Geelong Roller Derby (GRD) is a roller derby league based in the Victorian city of Geelong. Founded in 2008, the GRD has one team that competes and in interleague bouts. They support both men and women in the league, but their current competitive teams are women only.

==History==
The Geelong Roller Derby League was founded in March 2008, and by 31 October of that year they were able to present their first bout. This first event was for family and friends only, and featured the Frankenskaters and the Bloody Marys – the latter of which was the origin of the name of their current interleague team. Their first public match was held just over a month later, on 6 December 2008, in which the Death Leopards competed against the Black Sadists.

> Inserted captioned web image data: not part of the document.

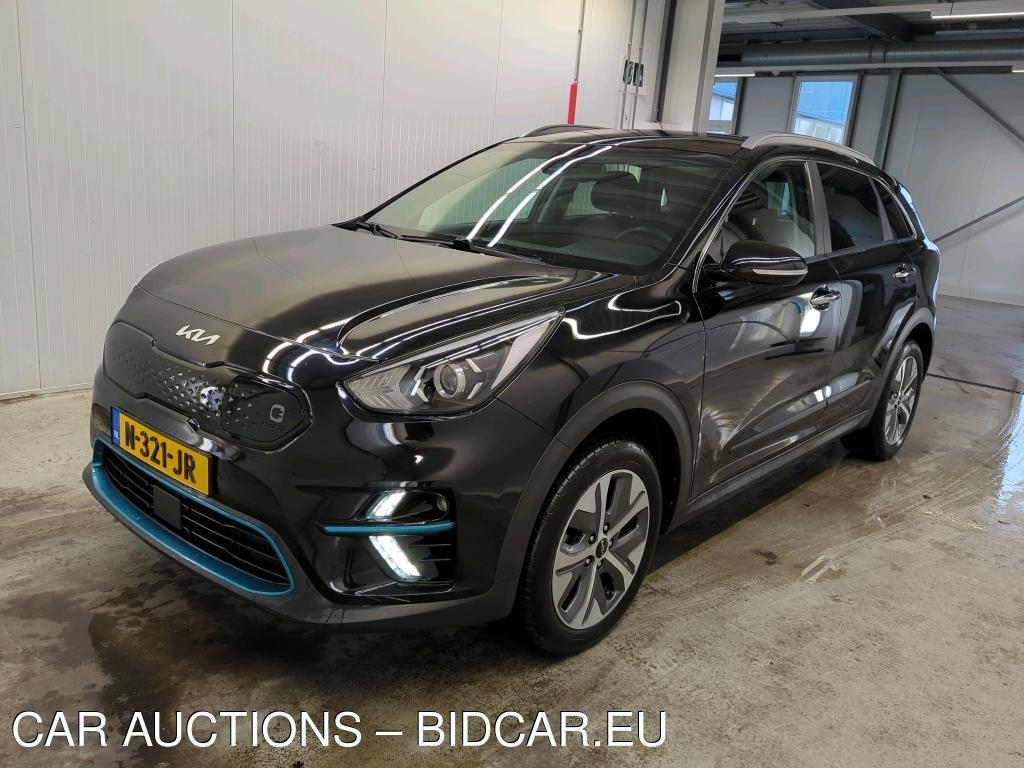 Kia Niro e- 150kW / 64kWh Edition automaat, 2021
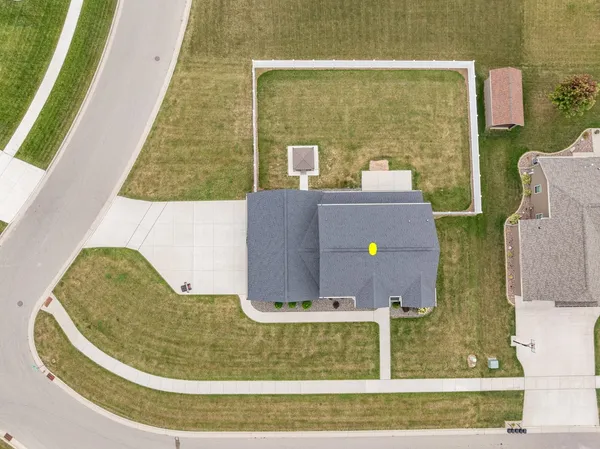 $659,900 | 1015 Nutmeg Drive, De Pere, WI 54115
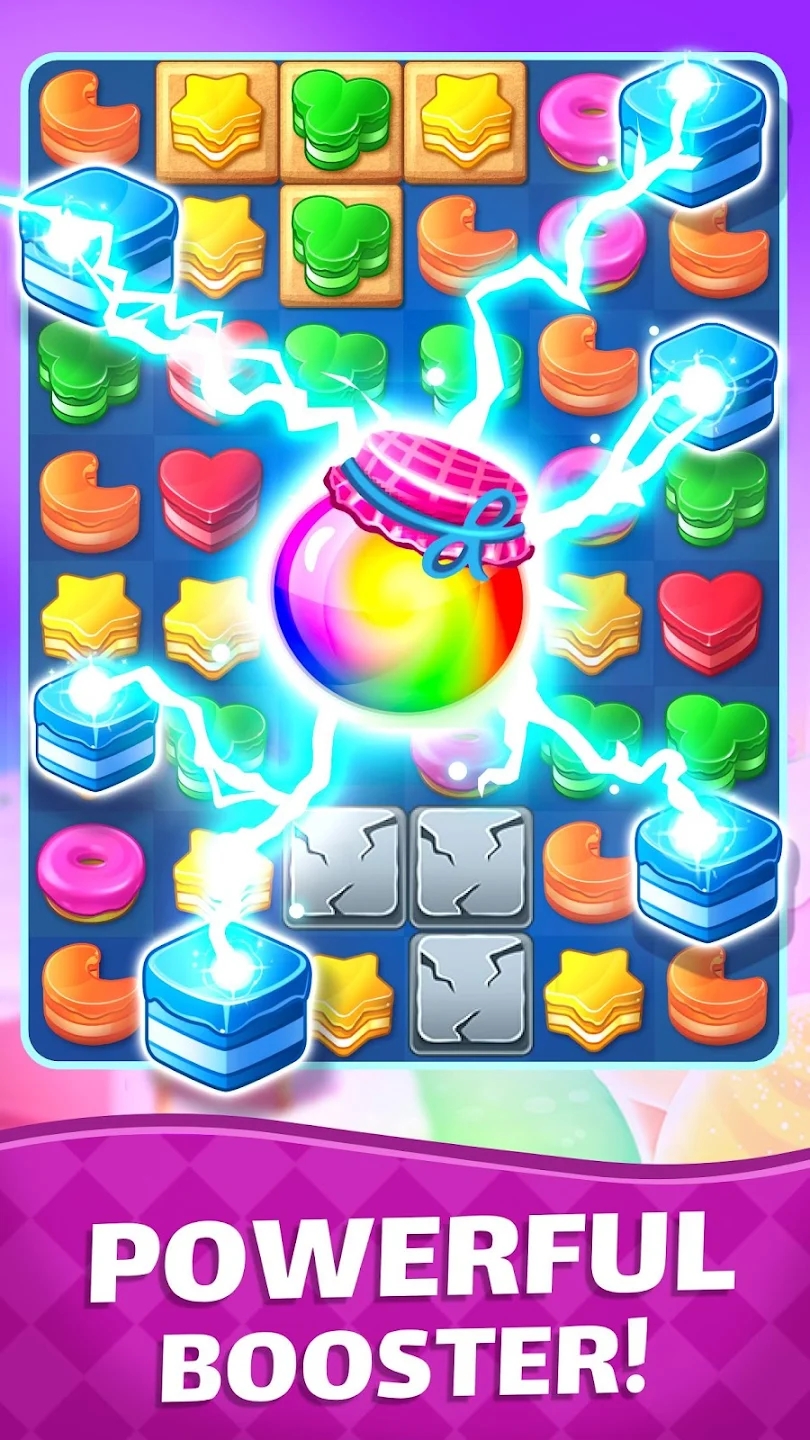 ⱬըϷٷ(Cake Blast)v1.3.3 °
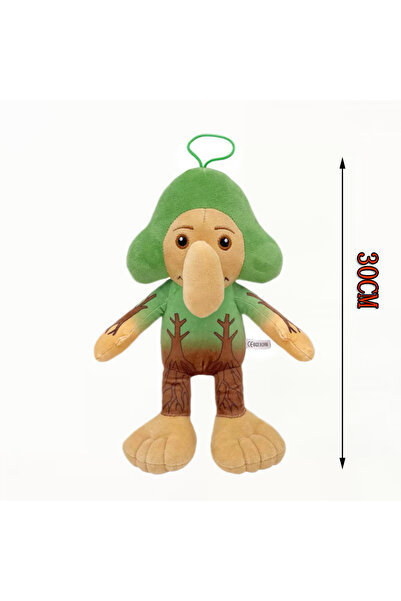 Choice6 1 قطعة جديد Tungtungtung Sahur Tralala أفخم الحيوانات Telalaero Telal...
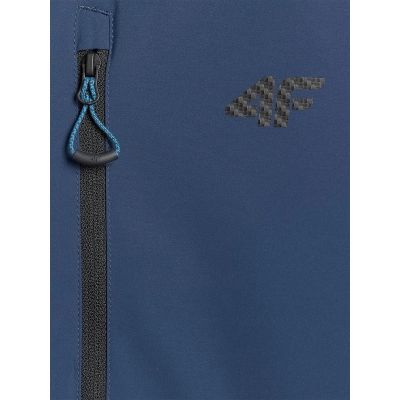 2. Men's trekking jacket 10000 membrane 4F 4FRAW25TTJAM1045-31S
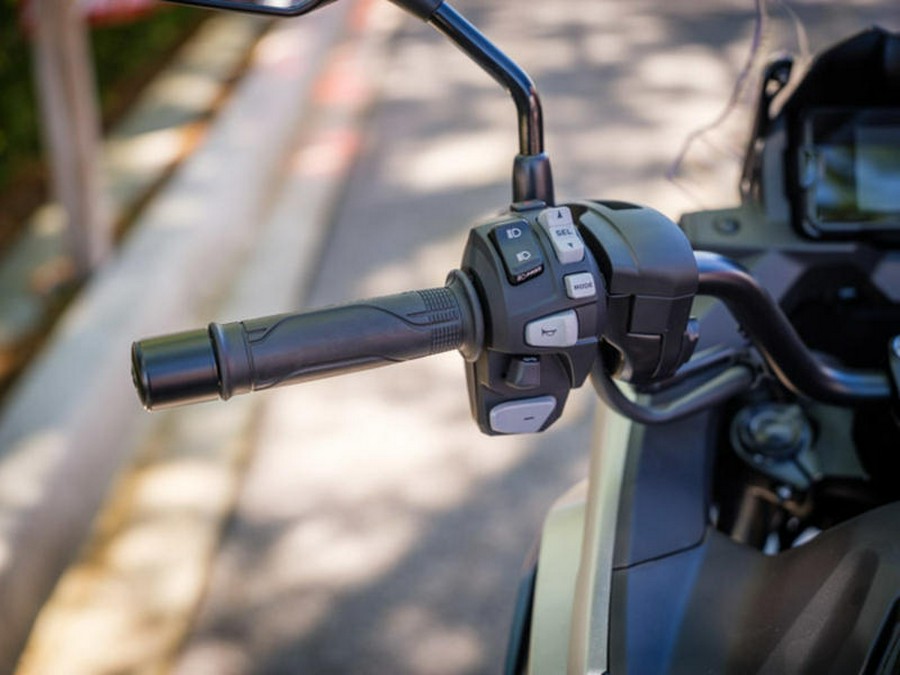 2024 Honda® NC750X DCT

The GRDL's first interleague bout was held the following year, in March 2009. They competed against the Victorian Roller Derby League's B team, "New Breed", followed by a rematch in May. The GRDL grew quickly, and by October that year they had over 40 members and were able to field two official teams: the Atom Bombs and the Psychotics. Their first full season was also held in 2009, taking place at Bell Post Hill Leisuretime Centre where they had relocated from their original venue, with the Psychotics dominating the series over the Atom Bombs.

2010 saw their second full season, in which the Atom Bombs reversed the results of the previous year, winning undefeated. 2010 also saw the Great Southern Slam hosted by Adelaide Roller Derby, the largest roller derby competition held outside of the United States. The "Maulrats", a combined team consisting of members of the Ballarat Roller Derby League and the GRDL, made it into the second day of the competition.

Recently, the Geelong Roller Derby League travel team, the Bloody Marys, took second place in the inaugural Vic/Tas Tournament, a two-state tournament featuring some 16 teams from each state, losing to the Victorian Roller Derby League's Queen Bees.

The Geelong Roller Derby League was featured in the 2012 documentary film This is Roller Derby (2012 film).

In October 2018, GRDL started its first junior team – The Junior Mary's.